5. --environment (named environments)

  • Add a first-class --environment <name> concept for dev/staging/prod isolation.
  • What already exists (the primitive, don't rebuild it): --schema-suffix <name> (and datasetSuffix: in workflow_settings.yaml) already produce dynamic datasets. The suffix is applied in core at compile timesession.ts appends _<suffix> to every action's target.schema before any adapter runs — so it already works for Postgres/Supabase (the adapter just reads target.schema). --vars overrides flow the same way, via constructProjectConfigOverrideprojectConfigOverride (cli/index.ts). What's missing is the ergonomic, named layer on top.
  • The new feature: --environment is the name that actually makes sense (more intuitive than --schema-suffix).

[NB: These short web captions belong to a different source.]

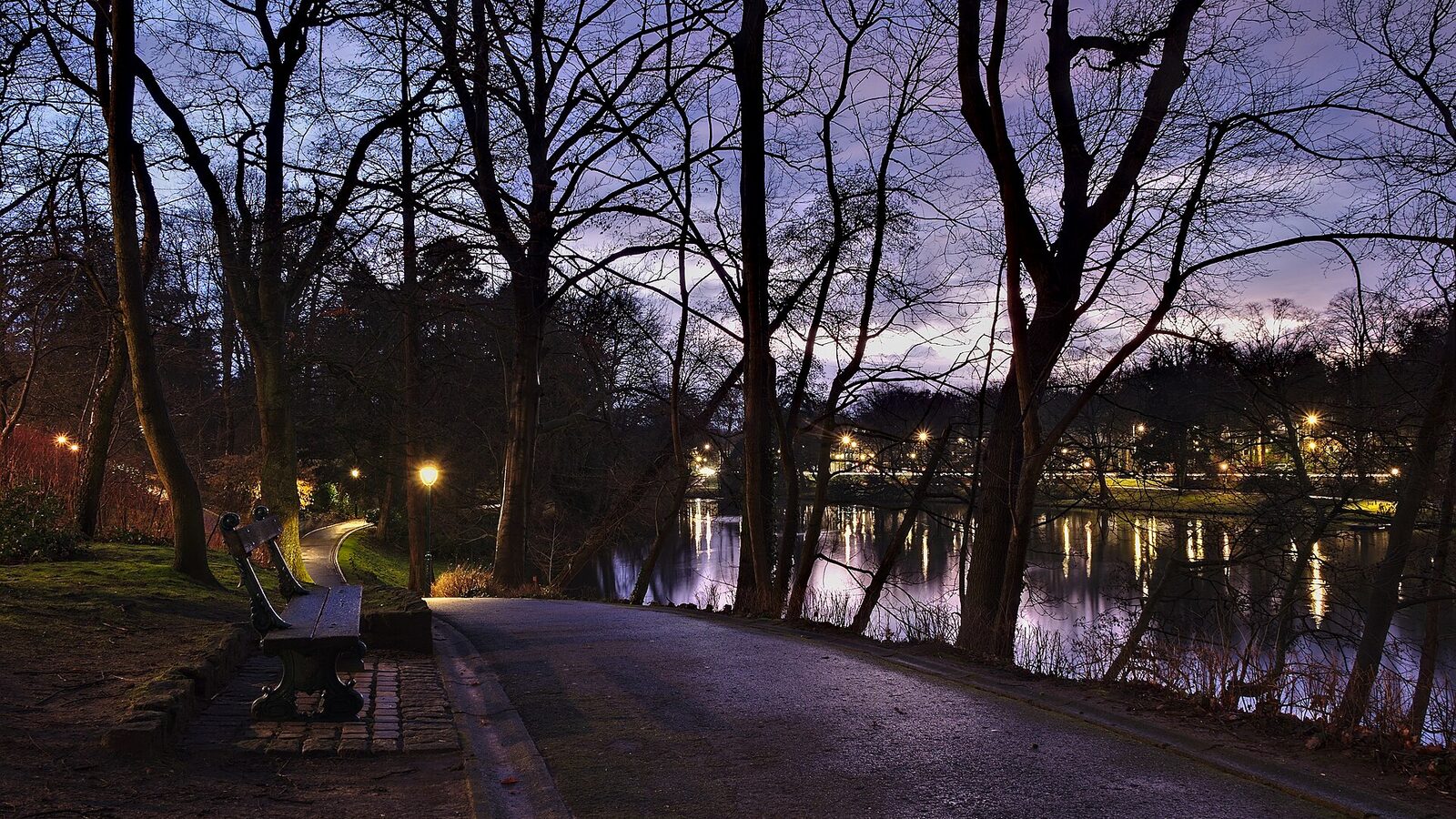 Parc Tenreuken looking South from the West side during the sunset civil twilight, Auderghem, Belgium (DSCF3741-to-DSCF3743)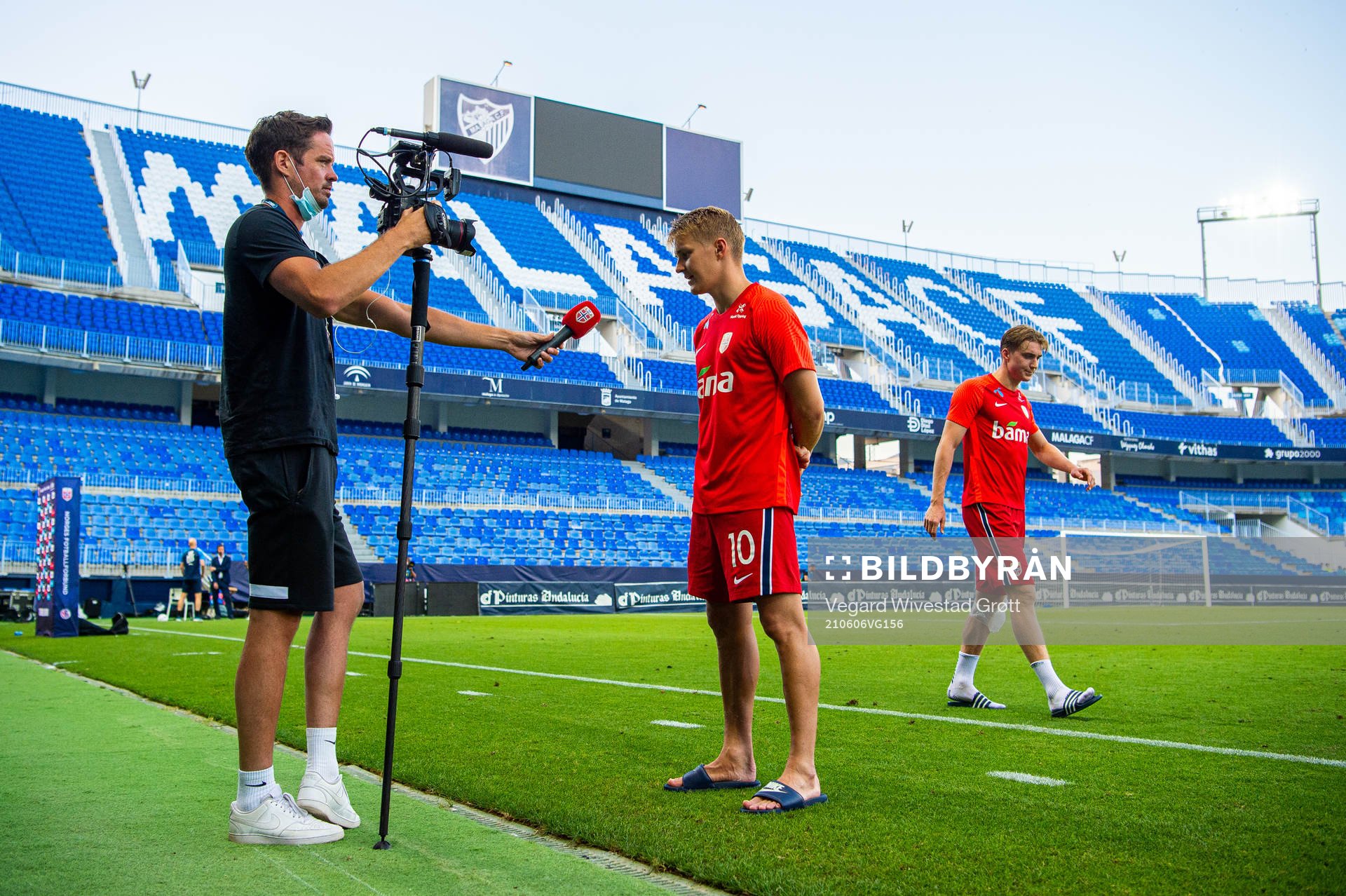 Martin Ødegaard of Norway is being interviewed by Terje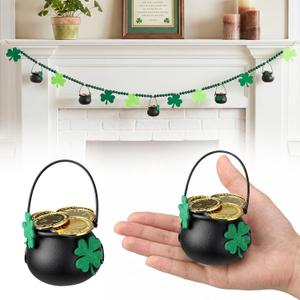 Zeyune St. Patrick's Day Decoration Shamrock Garland with Pots of Gold Clover Green Wooden Beads Garland Felt Irish Banner for Farmhouse Fireplace Mantel Walls Home Decor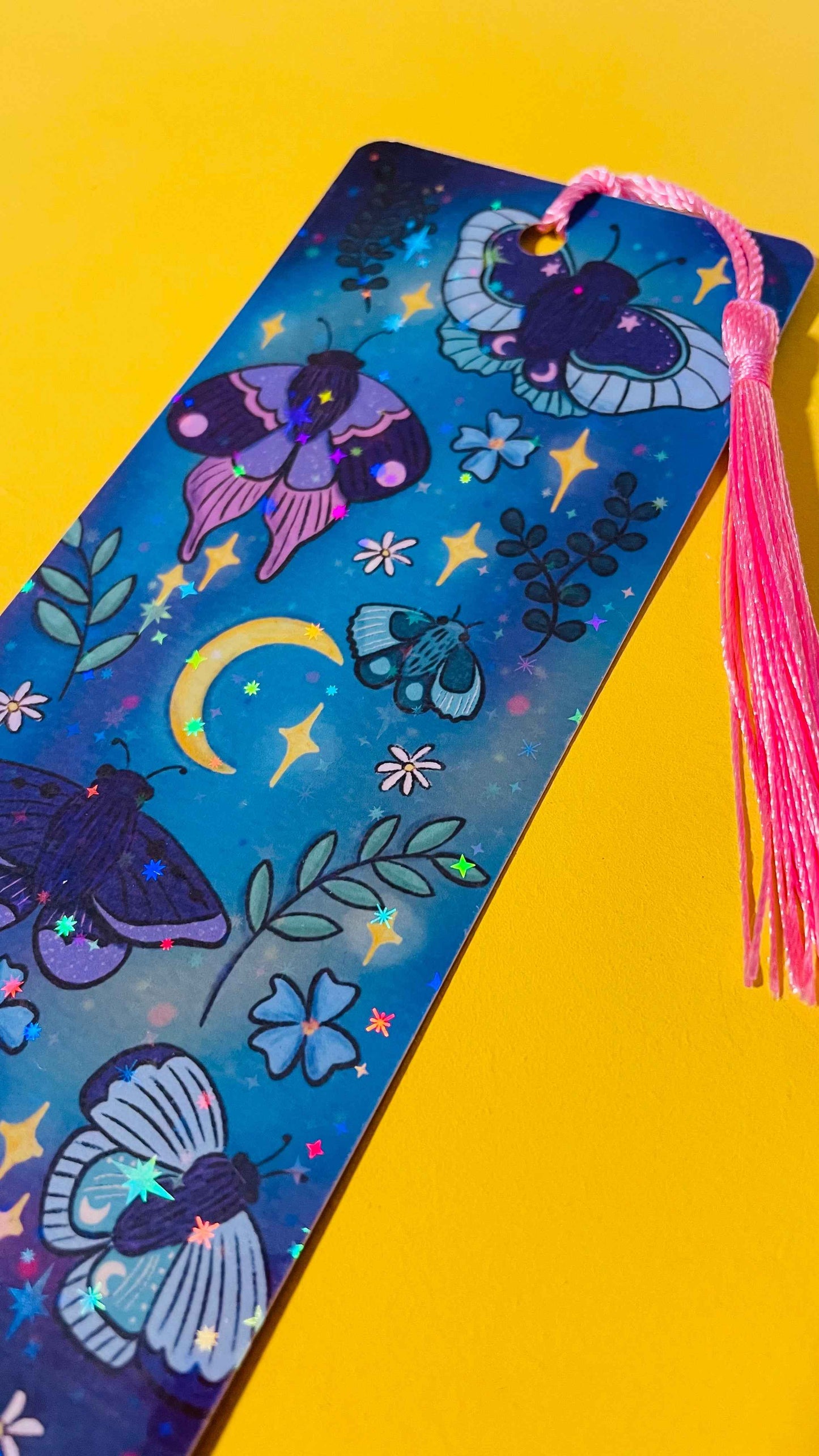 Witchy Moths Holographic Bookmark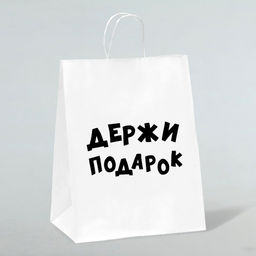 Пакет подарочный с приколами, крафт Держи подарок, белый, 24 х 10,5 х 32 см - UPAK LAND фото 3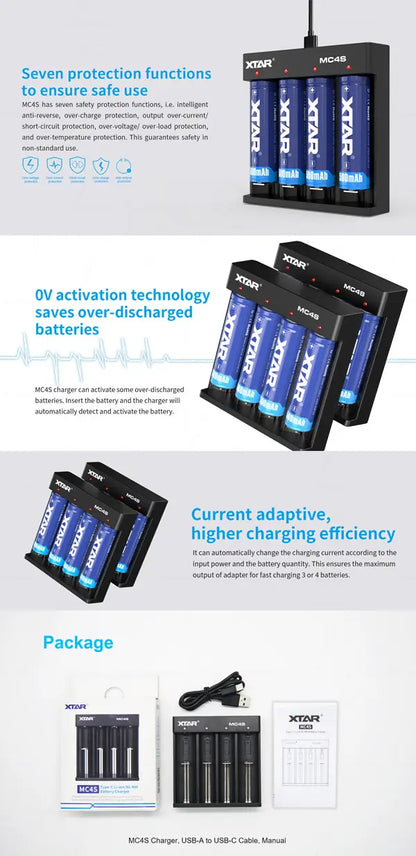 XTAR MC4S USB Lithium-Ion Battery Charger - 4 Bay Smart Charger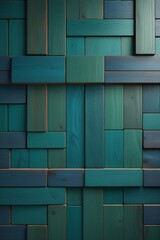 Dark teal wooden bricks wall, vertical composition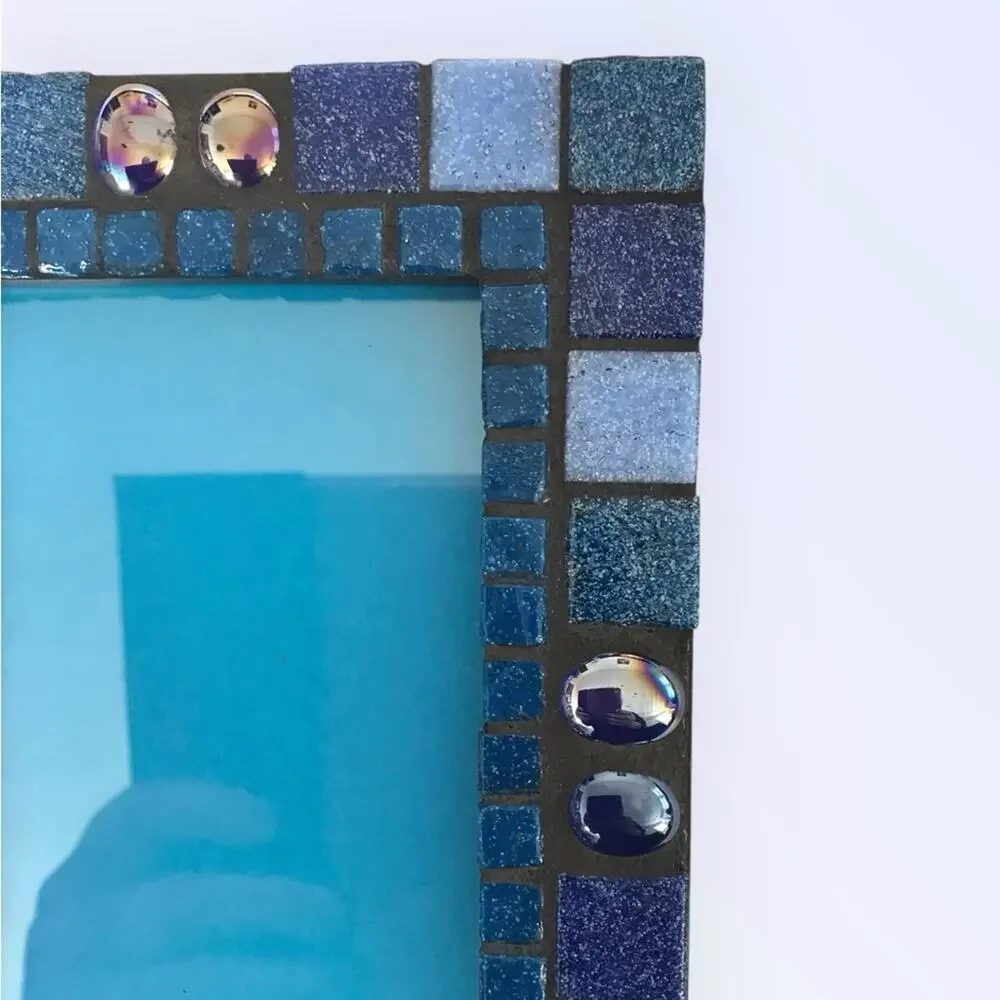 Mosaic Tile Blue & Teal Photo Frame Glass Fits 4 X 6 Picture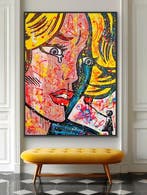 Joaquim Falco - LICHTENSTEIN WITH BANKSY GIRL XXL, Antiek en Kunst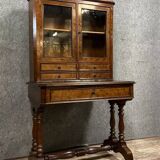 Restoration period mahogany desk and display case
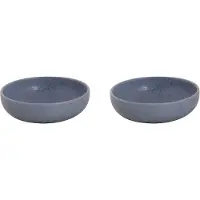 Palmer Sandy Loam Schale - 2er-Set, Steinzeug, Ø 16 cm, 0,50 L, hellblau, matt glänzend gesprenkelt, kompakter Stil, für Müsli, Dessert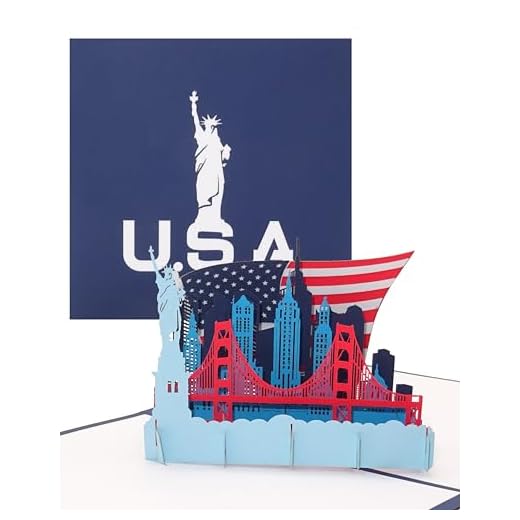Carte Pop Up «U.S.A. - Stars & Stripes» Carte de vœux 3D pour souvenir, carte d'anniversaire, carte de voyage, invitation pour la ville de New York et les vacances aux États-Unis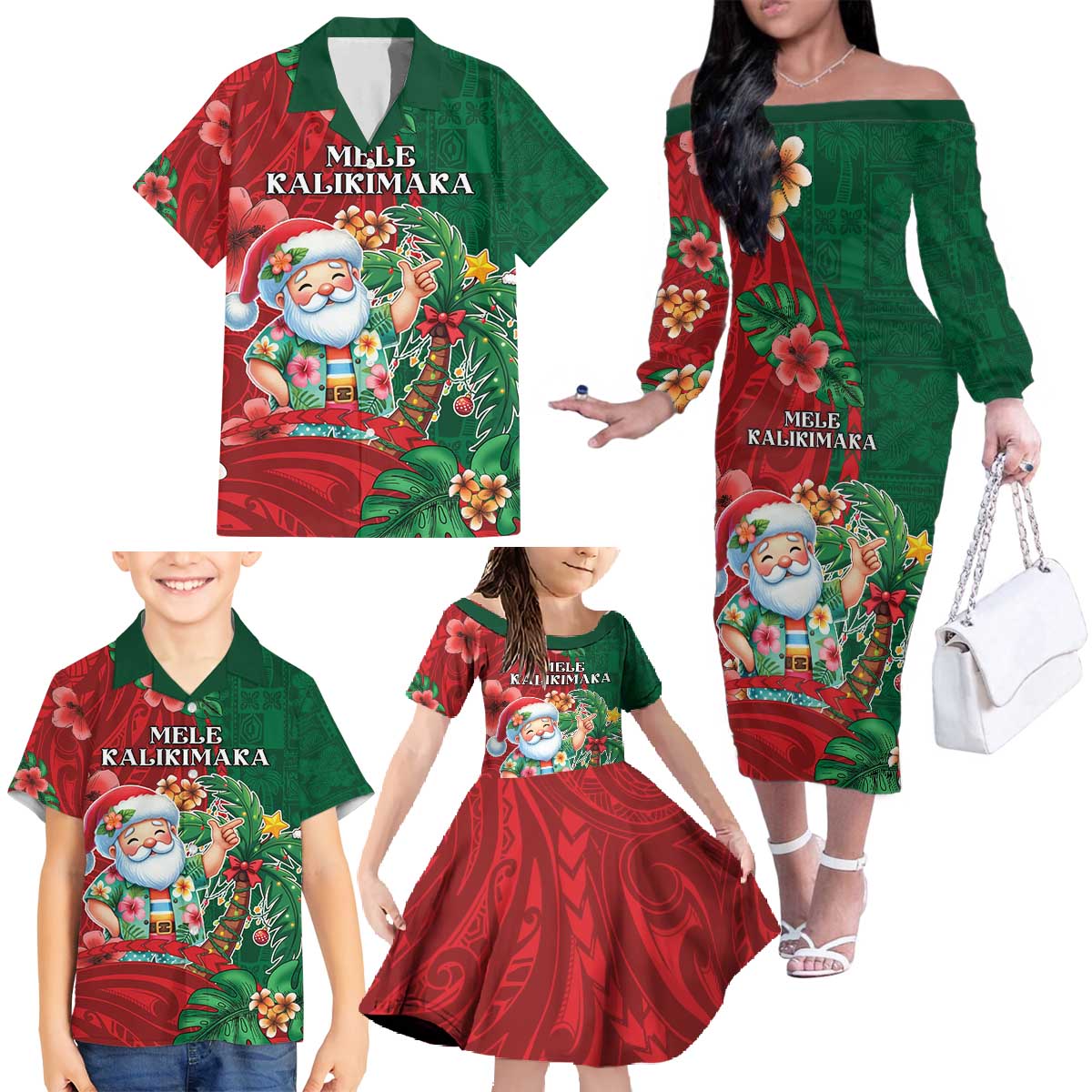Hawaii Christmas Family Matching Off The Shoulder Long Sleeve Dress and Hawaiian Shirt Mele Kalikimaka Funny Hawaiian Santa - Polynesian Pride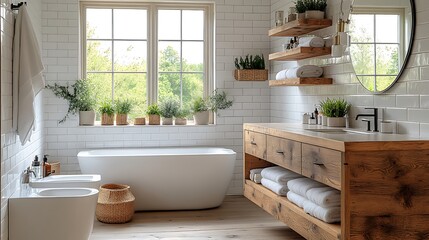 A cozy Scandinavian bathroom with white subway tiles and warm wooden accents, including a floating wood vanity and open shelving. Soft natural light filters in through a large window,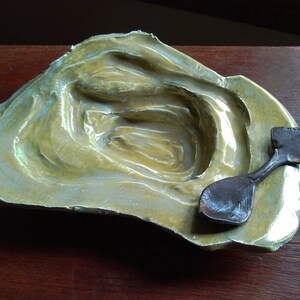 Handmade Ceramic Serving Bowl, Blue Green Centerpiece, Kitchen Dining Decor image 1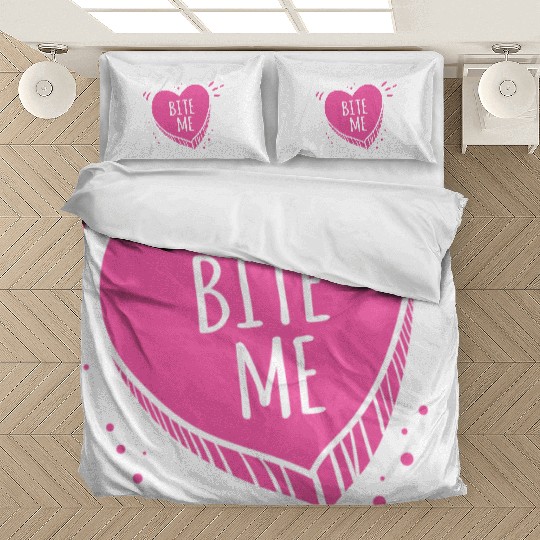 Bite Me Candy Heart Valentines Day Pink Sweet Gift Bedding Sets
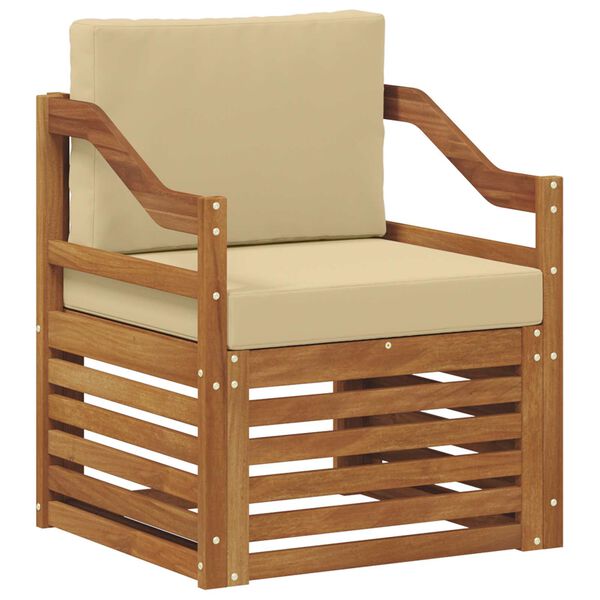 vidaXL Set de canapele de exterior cu pernă natural 67 x 63 x 73 cm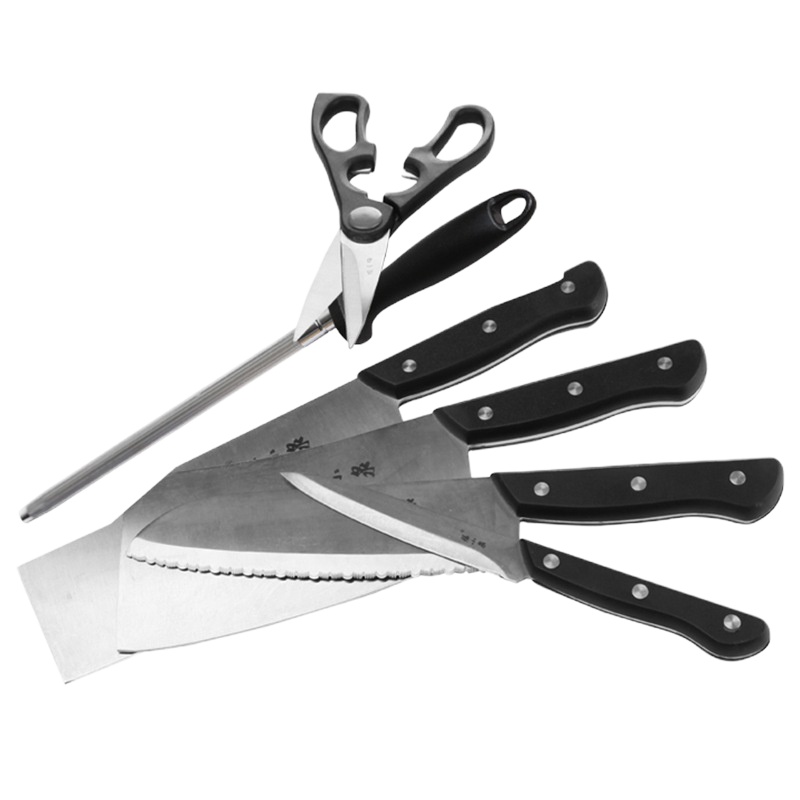 张小泉N5490古韵不锈钢七件刀具套装 菜刀套装 套刀
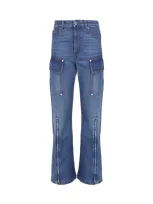 Stella Mccartney Cargo Retrò Jeans In Cotton Denim In 70s Blue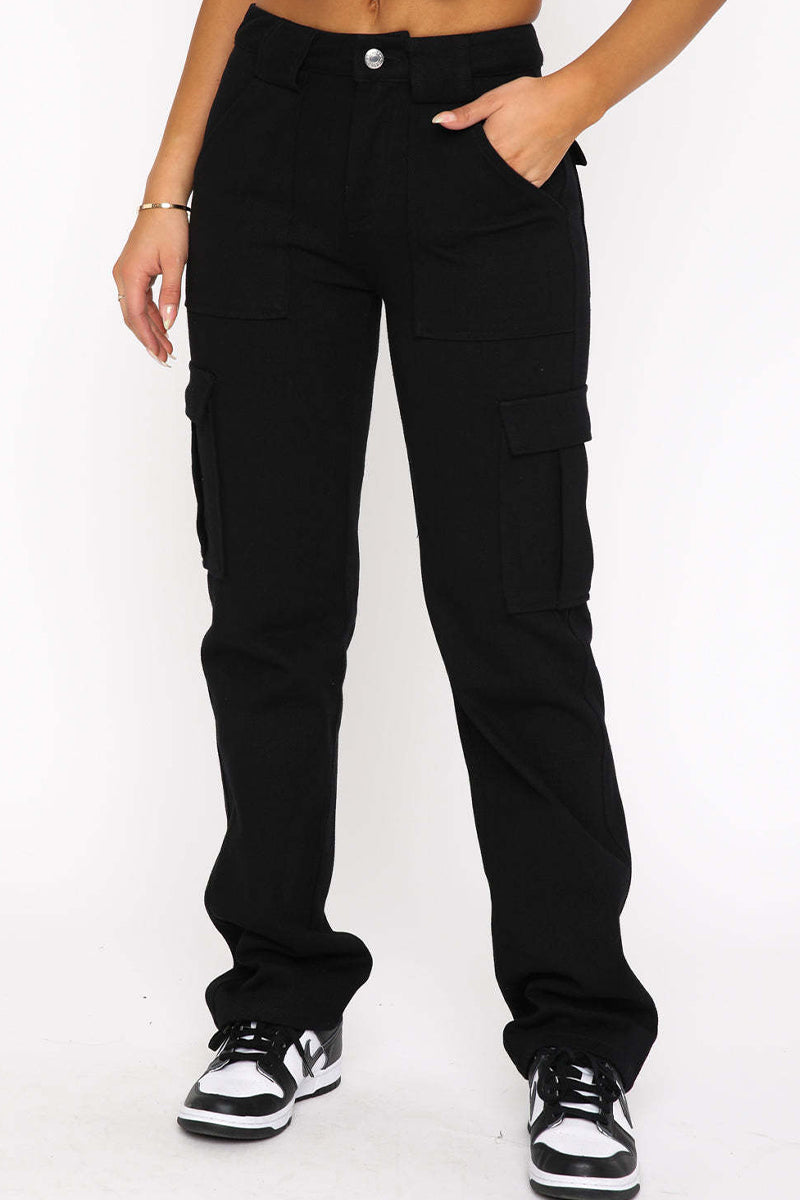 Casual Solid Pocket Skinny Mid Waist Solid Color Bottoms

Two possible scopes:
    • A — thin alias: --environment <name> simply sets schemaSuffix = <name>. A few lines in the CLI option layer; delivers exactly "append the environment to the schema". Good stopgap.
    • B — real environments (preferred): an environments.json (or environments: block in workflow_settings.yaml) defining named environments, each carrying its own schemaSuffix, vars, and — the real reason environments exist — its own credentials / database (prod vs staging usually differ by more than a schema suffix); optionally a git ref. --environment staging loads that env and applies its overrides (config override + credential selection).
  • Implementation pointers: CLI flag → merge env overrides into the existing projectConfigOverride plumbing; per-env credentials means selecting the credentials file/profile by environment (today --credentials is a single path). Keep --schema-suffix as the documented low-level primitive (and possibly make --environment an alias that also sets it).
  • Decision to make: ship A first as a stopgap, or go straight to B. Where do environments live — separate environments.json (Dataform's legacy location) or a block in workflow_settings.yaml (more consistent with the rest of sqlanvil config)?